3 Ways To Make the Economy Work Better for Women
By Payal Dalal
The Mastercard Center for Inclusive Growth
Small farms are plentiful in Hà Giang, a province in the forested hills of northern Vietnam where Luu Thi Hoa started Po My, an agricultural cooperative that sells peas, leafy greens and honey from local farms.
Hoa’s business not only supports her family — it also provides sustainable livelihoods for her community. But like many local business owners, Hoa took a major hit when the COVID-19 pandemic brought tourism in Vietnam to a standstill.
Hoa considered herself fortunate. She had access to programming through CARE, a global humanitarian organization that created the Ignite program to help build entrepreneurship among underserved micro- and small-business owners. She credited the program, supported by the Mastercard Center for Inclusive Growth, for boosting her financial management skills, which helped her refine her business operations and achieve a better-work life balance. But not all women entrepreneurs can get this kind of help.
All across the globe, women seeking to achieve economic empowerment often face three major obstacles: income inequality, digital inequality and information inequality.
Income inequality is an ongoing problem that was only exacerbated by the pandemic: 90% of women who lost their jobs became economically inactive, pushing men and women further apart on the already inequitable economic spectrum.

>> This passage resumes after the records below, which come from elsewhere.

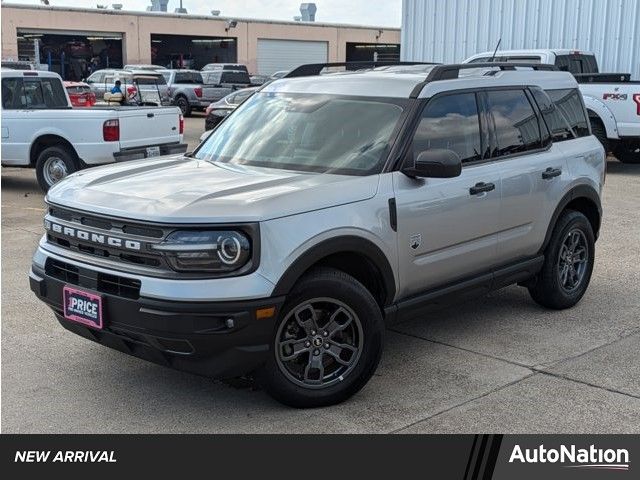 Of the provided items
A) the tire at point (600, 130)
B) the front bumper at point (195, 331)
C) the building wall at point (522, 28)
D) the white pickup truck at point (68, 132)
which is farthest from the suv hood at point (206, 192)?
the building wall at point (522, 28)

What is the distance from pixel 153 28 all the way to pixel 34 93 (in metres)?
40.3

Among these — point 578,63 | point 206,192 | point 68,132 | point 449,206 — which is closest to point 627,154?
point 578,63

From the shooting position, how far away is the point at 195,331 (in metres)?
4.00

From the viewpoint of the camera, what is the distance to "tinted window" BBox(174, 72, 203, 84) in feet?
102

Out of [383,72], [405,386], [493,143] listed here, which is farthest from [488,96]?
[405,386]

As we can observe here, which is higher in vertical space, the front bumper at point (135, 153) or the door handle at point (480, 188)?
the door handle at point (480, 188)

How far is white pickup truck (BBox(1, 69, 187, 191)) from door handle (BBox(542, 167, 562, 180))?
22.9 feet

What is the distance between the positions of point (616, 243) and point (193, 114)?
24.4m

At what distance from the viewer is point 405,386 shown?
4.86 metres

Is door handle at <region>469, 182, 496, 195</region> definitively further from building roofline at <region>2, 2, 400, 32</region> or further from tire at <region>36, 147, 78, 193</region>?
building roofline at <region>2, 2, 400, 32</region>

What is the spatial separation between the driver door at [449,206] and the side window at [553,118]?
2.87ft

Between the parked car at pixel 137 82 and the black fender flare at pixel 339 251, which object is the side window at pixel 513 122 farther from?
the parked car at pixel 137 82

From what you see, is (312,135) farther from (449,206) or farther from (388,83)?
(449,206)

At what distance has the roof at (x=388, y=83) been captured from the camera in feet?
17.4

In today’s world, digital inequality makes it even harder for women who remain in the workforce to obtain income parity. More than 50% of women are offline, and women are 20% less likely than men to own smartphones. Without access to the full power of the digital economy, female entrepreneurs cannot integrate digital technologies into their businesses to reach new customers or reap the efficiencies that technology affords.

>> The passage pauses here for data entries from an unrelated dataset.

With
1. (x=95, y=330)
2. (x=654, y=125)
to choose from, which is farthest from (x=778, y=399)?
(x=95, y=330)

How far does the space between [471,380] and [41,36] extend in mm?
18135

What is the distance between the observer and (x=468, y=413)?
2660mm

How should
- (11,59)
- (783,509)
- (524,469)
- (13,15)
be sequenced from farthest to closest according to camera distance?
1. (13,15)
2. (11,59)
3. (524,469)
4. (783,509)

That lack of digital access also creates information inequality, in which men have more access to data and analytics that can take a business to the next level.

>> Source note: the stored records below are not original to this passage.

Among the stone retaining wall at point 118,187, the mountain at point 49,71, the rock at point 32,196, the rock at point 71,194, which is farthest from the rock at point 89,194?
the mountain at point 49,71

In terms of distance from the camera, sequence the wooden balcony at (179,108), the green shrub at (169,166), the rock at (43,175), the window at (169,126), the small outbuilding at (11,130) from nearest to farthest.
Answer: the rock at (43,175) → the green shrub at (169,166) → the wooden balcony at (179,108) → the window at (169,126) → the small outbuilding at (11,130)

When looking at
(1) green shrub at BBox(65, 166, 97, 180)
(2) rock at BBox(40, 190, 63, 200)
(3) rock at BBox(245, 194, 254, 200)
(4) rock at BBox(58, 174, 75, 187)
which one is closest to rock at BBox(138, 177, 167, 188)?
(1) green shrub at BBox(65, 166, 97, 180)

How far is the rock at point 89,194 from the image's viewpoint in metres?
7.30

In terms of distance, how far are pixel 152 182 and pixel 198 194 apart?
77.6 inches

A Citigroup analysis earlier this year found that gender parity in business growth could increase the global GDP by as much as $2 trillion and generate between 288 million and 433 million jobs. Given that, it’s clear everyone would benefit from building an economic future that works for women. Here are three principles that guide our work:
01
Act with gender intentionality
We need to think about the specific barriers that women face when we design products, services and programs to deliver the best outcomes.
In Pakistan, the Center is working in partnership with CARE to ensure that financial service providers are designing financial products with women entrepreneurs in mind. For instance, UBank offers a loan product that accepts nontraditional forms of collateral like gold jewelry. Its financing includes educational programs, such as skills building, mentorship and digital tools.
02
Make data work for women
Data can serve as a powerful ally in the fight for greater equity. By collecting, analyzing and using good-quality disaggregated data, we can improve our existing products and services to suit women’s needs — or spark innovative new ways to better serve women.
Through Data.org, the Center has supported Women’s World Banking to explore how AI-based modeling and credit scoring can assist female entrepreneurs in India, Mexico and Nigeria. The initiative assesses how algorithms in digital credit applications can increase lending to women borrowers, studies other ways to apply machine learning and AI and explores the challenges facing digital financial services as a result of COVID-19.
03
Reimagine cross-sector partnerships
Instead of falling back on traditional models of philanthropy and public-private partnerships, we must think creatively about how to effectively deploy our assets, including human capital, aggregated data and technology. That means rethinking how we structure partnerships with corporations, nonprofits and government entities.
For instance, we teamed up with global sustainability organization BSR and Levi Strauss & Co. to create a digital payment system that gave garment workers in Egypt — half of whom are women — more control over their income. At the Center, we worked with an NGO to teach garment workers how to use their new digital wallets while our brand partner, Levi’s, harnessed its factory network, brand influence and philanthropic foundation to get factory management on board with the plan. Now we’re working to scale that program to nine more factories supporting global brands.
The world has never offered women a smooth road to financial empowerment, but we can ease their journey, from factories in Egypt to farms in Vietnam and beyond. We are working to equip women like Hoa with the knowledge and technology they need to take charge of their future — and to ensure the future is ready for them to succeed.